Saturday, January 18, 2014: 5:30 PM
HBG Convention Center, Room 002B River Level (San Antonio, TX)
* noted as presenting author
Jonel Thaller, MSW, PhD Candidate, Arizona State University, Phoenix, AZ
Meredith Bagwell, MSW, Doctoral Student, Arizona State University, Phoenix, AZ
Jill T. Messing, MSW, PhD, Assistant Professor, Arizona State University, Phoenix, AZ
Alesha Durfee, PhD, Associate Professor, Arizona State University, Tempe, AZ
Approximately 5% of US women have experienced reproductive coercion – an intimate partner trying to get them pregnant when they did not want to be (Black et al., 2011). Reported prevalence is higher (14-74%) in smaller community samples of women receiving services (Miller et al., 2010; Moore, Frohwirth, & Miller, 2010; Raphael, 2005). Associations with physical/sexual violence have been mixed (Messing & Thaller, 2012; Miller et al., 2010), though reproductive coercion was related to unintended pregnancy when physical violence was present (Miller et al., 2010). Reproductive coercion has also been associated with compromised sexual health decision-making (fear of refusing sex or asking a partner to use a condom; Messing & Thaller, 2012). There is need to investigate other factors associated with reproductive coercion and pregnancy avoidance among women experiencing intimate partner violence (IPV) to inform development of screening tools and targeted interventions.

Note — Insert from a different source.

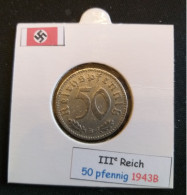 Pièce De 50 Reichspfennig De 1943B (Vienne) - 50 Reichspfennig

This study’s objective was to examine factors associated with reproductive coercion and pregnancy avoidance. IPV survivors (n=154) residing in shelters in a Southwestern US county were surveyed about reproductive coercion, birth control methods, and IPV (using the SVAWS). Logistic regression was utilized to examine the association of sociocultural factors, types of violence/abuse, and homicide risk factors related to reproductive coercion and pregnancy avoidance.

Women in the sample ranged in age from 18-61 (M=35.77, sd=10.7) and identified as being from the following racial/ethnic groups: 36% Latina, 35% White, 14% African American, 11% multiracial, and 4% Native American. Nearly 1/3 of the sample was born outside the US, and 77% of women had children. Approximately 37% (n=57) reported their partner tried to get them pregnant when they did not want to be; nearly half (n=30) of these women reported that their partner physically hurt them or threatened to leave if they did not get pregnant. Reproductive coercion was related to physical violence (OR=3.21, p<.05), being younger (OR=0.94, p<.005), and identifying as Latina (OR=1.01, p<.05). Being foreign born led to a significant increase in reproductive coercion for women (OR=1.99, p<.05), but partners’ immigration status was not associated. A partner’s use of religious teachings as a reason to abuse (OR=6.59, p<.0005) and risk of homicide as measured by Danger Assessment score (OR=1.08, p<.05) were both associated with an increase in reproductive coercion. Approximately 20% (n=31) of women reported using birth control without their partner’s knowledge and 8.4% (n=13) using emergency contraception or ending a pregnancy without their partner’s knowledge. Pregnancy avoidance was associated with being younger (OR=0.95, p<.05), and was more likely to occur in association with moderate violence (OR=2.8, p<.05).

Results demonstrate a high prevalence of reproductive coercion among IPV survivors seeking shelter services and a relationship with physical violence. Findings lend insight into sociocultural factors associated with reproductive coercion and help seeking behaviors, which can inform targeted screening and intervention. Future research is needed to examine sociocultural factors more closely. The association between reproductive coercion and homicide risk highlights the importance for screening and intervention and may explain why some women practice pregnancy avoidance while others do not (e.g., fear).